Meskipun setiap kesatuan menyatakan sebagai sebuah Negara atas dasar nasionlisme, faham tentang kebangsaan, akan tetapi para ahli sangat sukar merumuskan apa itu nasionalisme. Nasionalisme sangat berpengaruh di era modern ini akan tetapi sulit dicari teori yang meyakinkan tentangnya. Di samping isme ini tidak seperti sebagian besar isme lain, nasionalisme juga belum pernah melahirkan tokoh besarnya sendiri. Nasionalisme tidak mempunyai tokoh semacam Thomas Hobbes, Alexis de Tocqueville, Karl Marx, atau tokoh lainnya. Tom Nairn seorang pengkaji subjeknya menyatakan: “Nasionalisme” adalah patologi sejarah pembangunan modern. Ben Anderson mengemukakan bahwa lebih mudah apabila orang memperlakukan nasionalisme seolah-olah berbagi ruangan dengan “kekerabatan” dan “agama”, bukan dengan “liberalisme” atau “fasisme”. Oleh karena itu menurut Ben Anderson, – secara antropologis – bangsa atau nasion didefinisikan dengan “komunitas politis dan dibayangkan sebagai sesuatu yang bersifat terbatas secara inheren dan berkedaulatan.” (44)

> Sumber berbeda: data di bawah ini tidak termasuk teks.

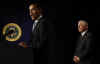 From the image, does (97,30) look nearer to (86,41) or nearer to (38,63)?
(86,41)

Menurut Ben, bangsa adalah sesuatu yang terbayang karena para anggota bangsa terkecil sekalipun tidak bakal tahu dan takkan kenal sebagian besar anggota lain, tidak bertatap muka dengan mereka, bahkan mungkin tidak pernah mendengar satu sama lain. Seperti saat ini bangsa Indonesia yang jumlahnya mencapai 240 juta. Sulit dibayangkan masing-masing individu yang menjadi komponen bangsa saling mengenal secara keseluruhan atau sebagian besarnya. Kendati demikian di benak setiap orang yang menjadi anggota bangsa itu hidup sebuah bayangan tentang kebersamaan mereka. Bangsa dibayangkan sebagai sesuatu yang pada hakikatnya bersifat terbatas karena bahkan bangsa-bangsa paling besar pun, yang anggotanya mungkin semiliar manusia, memiliki garis-garis perbatasan meski elastis. Di luar perbatasan itu adalah bangsa-bangsa lain. Tak ada satu bangsa pun membayangkan dirinya meliputi seluruh umat manusia di bumi. Dengan demikian, akhirnya bangsa dibayangkan sebagai komunitas, sebab tak peduli akan ketidakadilan yang ada dan penghisapan yang mungkin tak terhapuskan dalam setiap bangsa, bangsa itu sendiri selalu dipahami sebagai kesetiakawanan dan persaudaraan. Rasa persaudaraan inilah yang memungkinkan begitu banyak orang, jutaan jumlahnya, selama dua abad terakhir – bersedia jangankan melenyapkan nyawa orang lain, merenggut nyawa sendiri pun rela demi sebuah negara yang dicita-citakan bersama itu.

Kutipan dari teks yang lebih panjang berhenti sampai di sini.